Recorded information:
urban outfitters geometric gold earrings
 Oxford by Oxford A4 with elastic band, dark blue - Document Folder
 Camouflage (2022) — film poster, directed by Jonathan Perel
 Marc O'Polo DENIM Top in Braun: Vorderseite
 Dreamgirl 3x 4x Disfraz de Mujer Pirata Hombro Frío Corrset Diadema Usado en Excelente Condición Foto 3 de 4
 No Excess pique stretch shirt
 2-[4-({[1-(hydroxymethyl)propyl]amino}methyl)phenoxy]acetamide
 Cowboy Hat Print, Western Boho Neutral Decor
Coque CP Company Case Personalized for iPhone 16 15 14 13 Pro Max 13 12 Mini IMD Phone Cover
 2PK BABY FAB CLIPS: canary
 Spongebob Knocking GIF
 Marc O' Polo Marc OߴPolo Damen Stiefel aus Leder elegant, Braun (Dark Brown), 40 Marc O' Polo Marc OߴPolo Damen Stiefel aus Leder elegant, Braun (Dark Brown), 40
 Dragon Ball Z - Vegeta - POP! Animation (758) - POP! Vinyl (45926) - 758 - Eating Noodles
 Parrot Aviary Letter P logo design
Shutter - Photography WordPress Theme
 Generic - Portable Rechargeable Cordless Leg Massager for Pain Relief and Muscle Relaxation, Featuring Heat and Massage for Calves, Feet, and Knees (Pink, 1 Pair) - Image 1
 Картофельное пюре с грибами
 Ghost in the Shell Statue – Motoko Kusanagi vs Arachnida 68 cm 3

What is expected: The required answer is the line with "Coque CP Company" plus every line after it to the end of the entries above, transcribed exactly.

Exercise response:
Coque CP Company Case Personalized for iPhone 16 15 14 13 Pro Max 13 12 Mini IMD Phone Cover
 2PK BABY FAB CLIPS: canary
 Spongebob Knocking GIF
 Marc O' Polo Marc OߴPolo Damen Stiefel aus Leder elegant, Braun (Dark Brown), 40 Marc O' Polo Marc OߴPolo Damen Stiefel aus Leder elegant, Braun (Dark Brown), 40
 Dragon Ball Z - Vegeta - POP! Animation (758) - POP! Vinyl (45926) - 758 - Eating Noodles
 Parrot Aviary Letter P logo design
Shutter - Photography WordPress Theme
 Generic - Portable Rechargeable Cordless Leg Massager for Pain Relief and Muscle Relaxation, Featuring Heat and Massage for Calves, Feet, and Knees (Pink, 1 Pair) - Image 1
 Картофельное пюре с грибами
 Ghost in the Shell Statue – Motoko Kusanagi vs Arachnida 68 cm 3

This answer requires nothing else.